JPH03274604A - Illuminating device - Google Patents

Abstract

PURPOSE:To prevent a lamp current from leaking through a radial noise preventing mesh by forming a transparent electric insulation layer on the surface of a radiated noise preventing mesh at last on a surface facing a lamp. CONSTITUTION:Electric insulation films 20 are laminated on the under-side surface of a radiated noize preventing mesh 15, that is a surface facing a lamp 6, so that mesh 15 and the lamp 6 are electrically insulated and isolated from each other. Leak of a lamp current to the radiated noise preventing mesh 15 can thus be prevented, and the lamp current is given to the lamp effectively, thereby the light emission efficiency is improved, and the illuminance is improved.

Description

[Detailed Description of the Invention] [Purpose of the Invention (Field of Industrial Application) The present invention uses a low-pressure discharge lamp such as a fluorescent lamp as a light source,
The present invention relates to a lighting device suitable for backlights of liquid crystal televisions and liquid crystal meters.

(Conventional technology) LCD televisions, LCD meters, etc. are designed to illuminate the LCD surface by shining light from the back of the transmissive LCD panel.
Such a backlight requires an illumination device that can illuminate a liquid crystal surface having a predetermined spread with uniform brightness as a whole.

This type of backlight has traditionally housed a hot cathode or cold cathode fluorescent lamp in a shallow dish-shaped casing.
A lighting device is used in which the light emitted from the lamp is reflected by a reflective surface formed in the casing and illuminated on the back side of the liquid crystal panel through a light diffusing and transmitting plate installed in the opening of the casing.

When a hot cathode or cold cathode fluorescent lamp is used as a light source, compared to an incandescent lamp, these fluorescent lamps have superior luminous efficiency, generate less heat, have a longer lifespan, and have a longer discharge path, so their light emitting area is smaller. It has the advantage that it is large and the light distribution can be easily made uniform. In particular, in the case of a fluorescent lamp, it is easy to configure the discharge path into a bent shape, such as a U-shape or a W-shape, and a fluorescent lamp with such a bent shape has a planarly wider light-emitting surface. Therefore, it is advantageous to illuminate a display surface having a predetermined spread with uniform brightness.
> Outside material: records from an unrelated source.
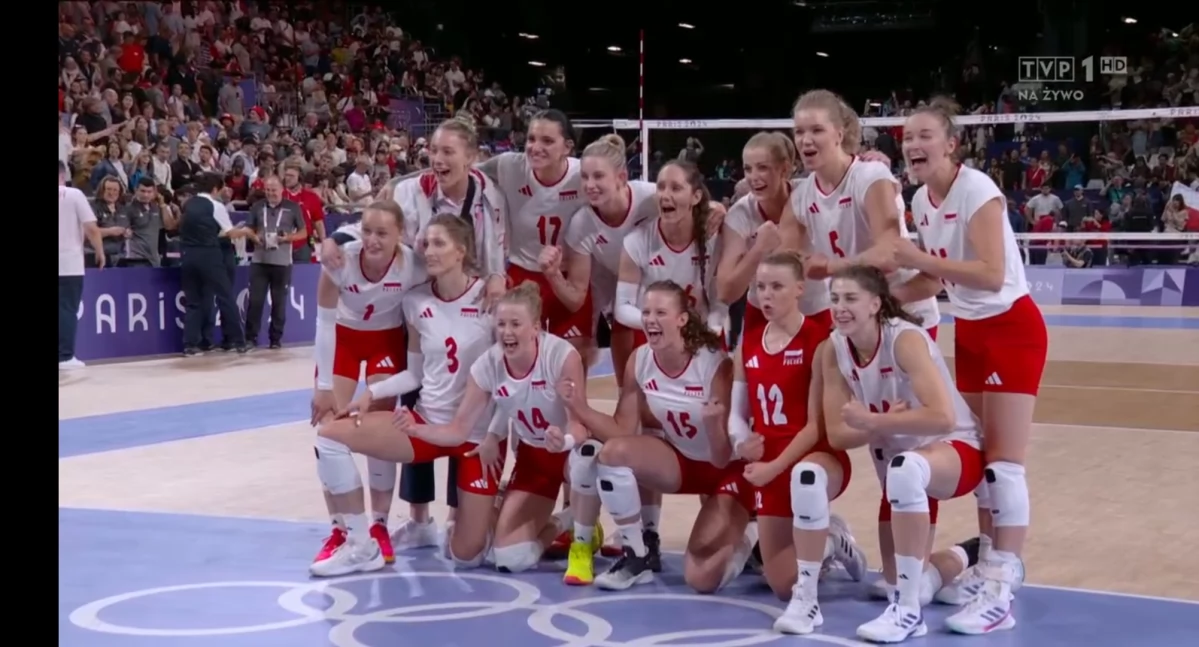 Na zdjęciu reprezentacja Polski po zwycięstwie nad Japonią w pierwszym meczu Igrzysk Olimpijskich/fot. TVP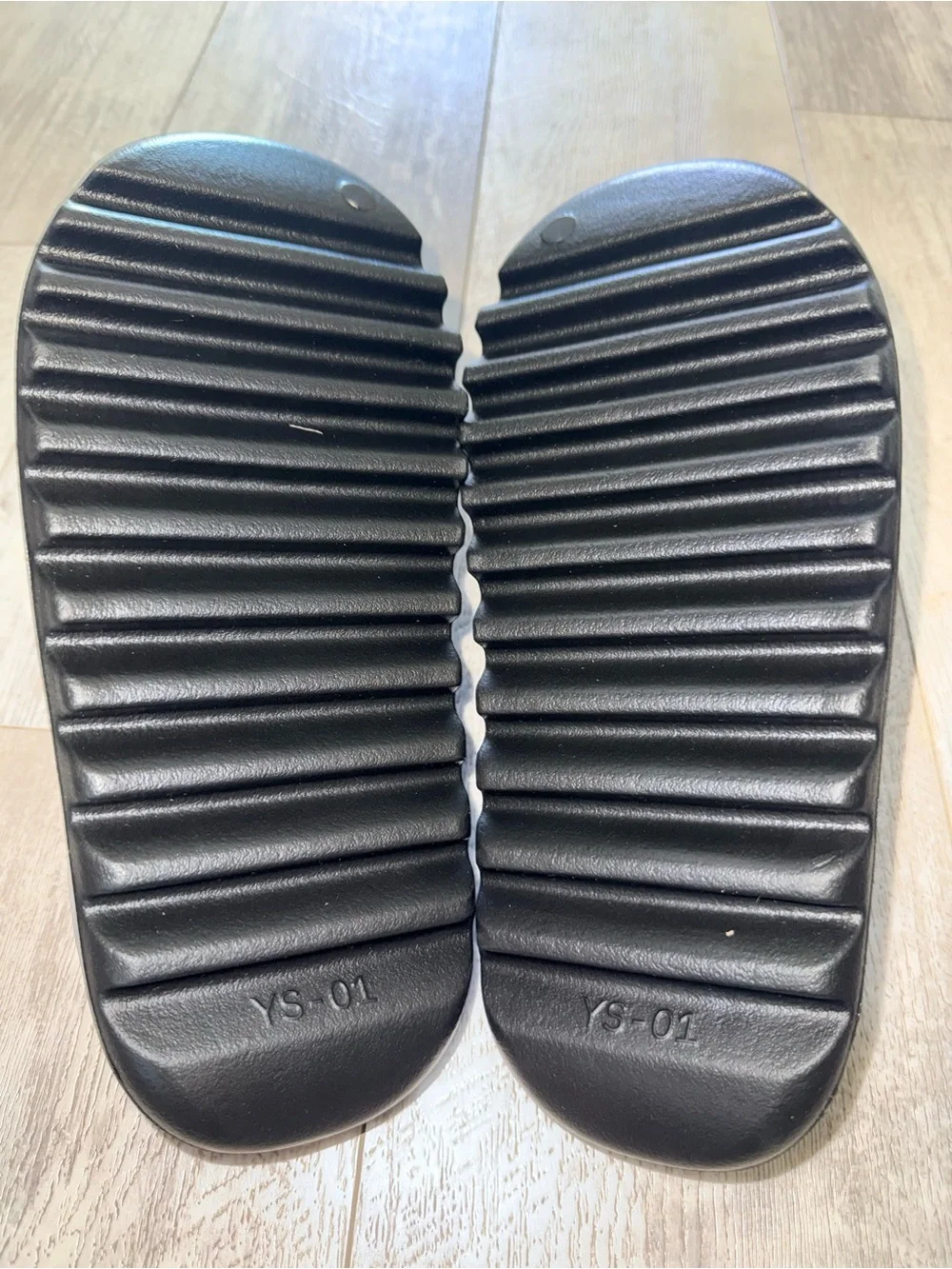 Title: YZY YS-01 Black Slide Sandals Size 9 New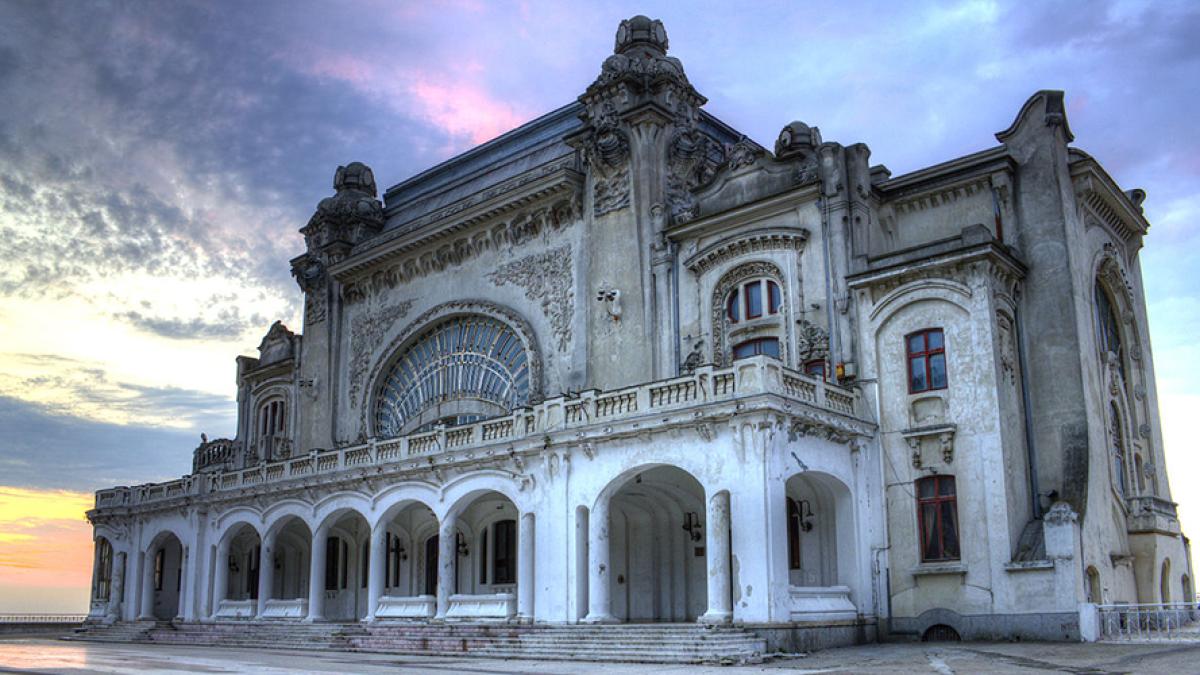 1200px_cazinoul_din_constanta_la_rasarit_hdr_12688100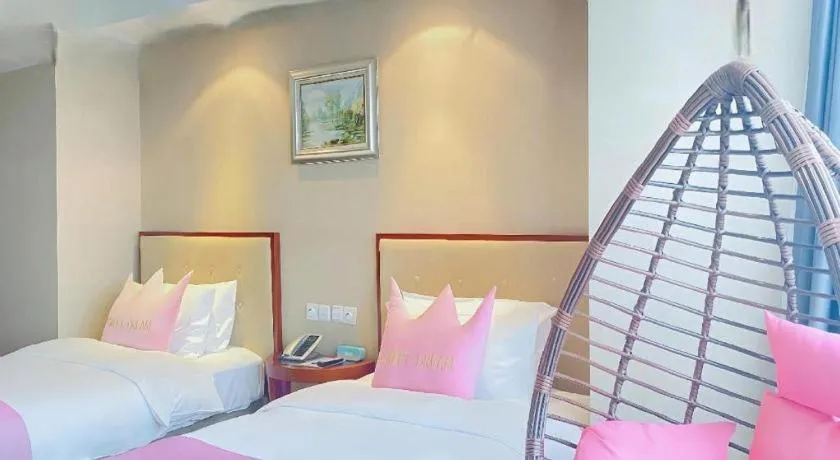 Bed in Nanchang Galactic Peace International Hotel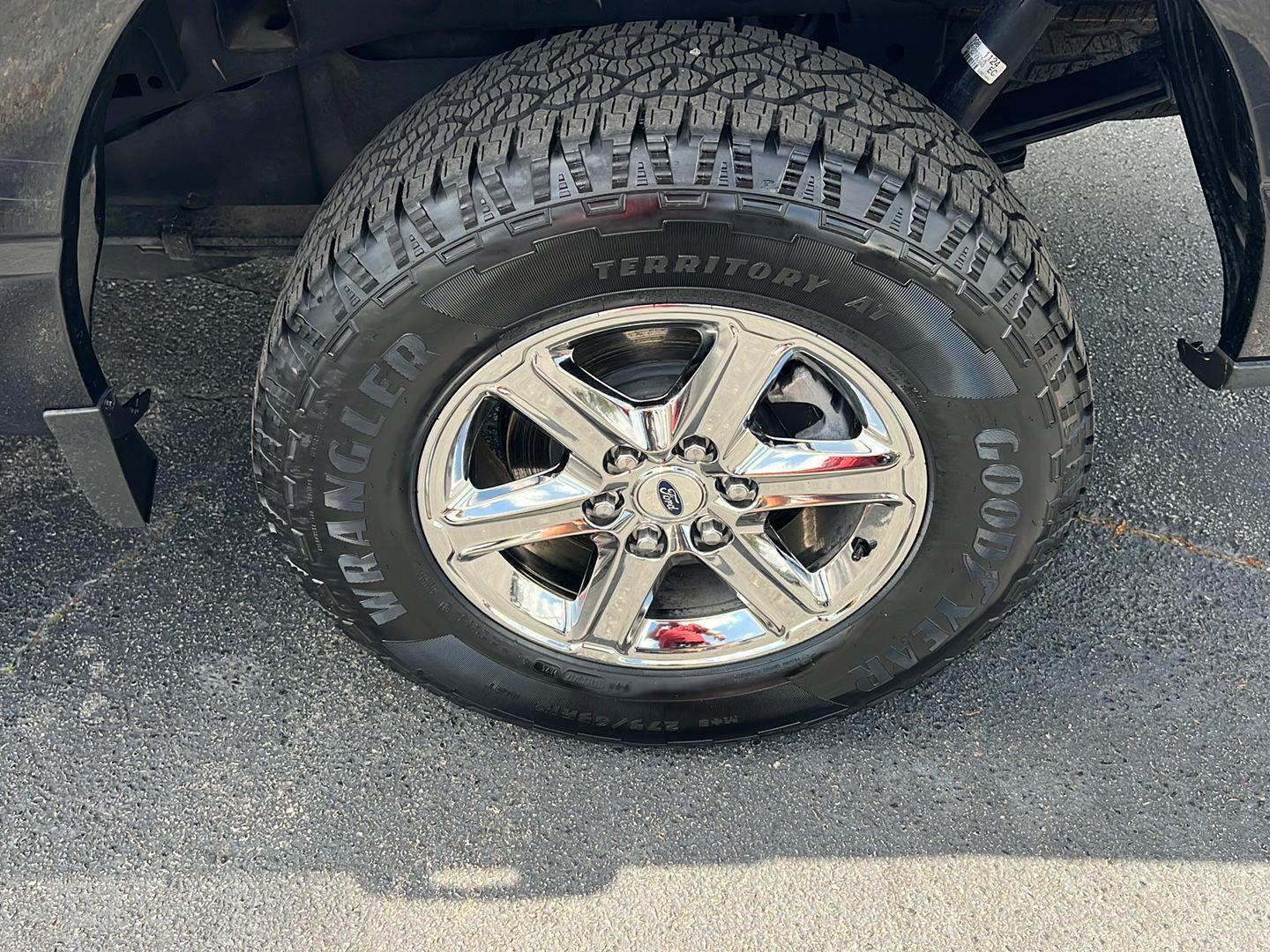 Used 2024 Agate Black Ford XLT image 38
By the way, when a fluorescent lamp is lit using a high frequency power source, flickering is reduced and the lamp life is extended. For this reason, lighting is performed by connecting to a high frequency lighting circuit device such as an inverter circuit.

However, when a fluorescent lamp is lit at a high frequency, there is a concern that high frequency noise will be emitted from the lamp.

When such a lamp is housed in a casing, high-frequency noise from the lamp can be shielded by forming the casing from a conductive material and covering the opening of the casing, that is, the irradiation part, with a conductive material.

Therefore, a structure is adopted in which the casing is made of conductive aluminum and a conductive mesh for preventing radiation noise is provided in the opening.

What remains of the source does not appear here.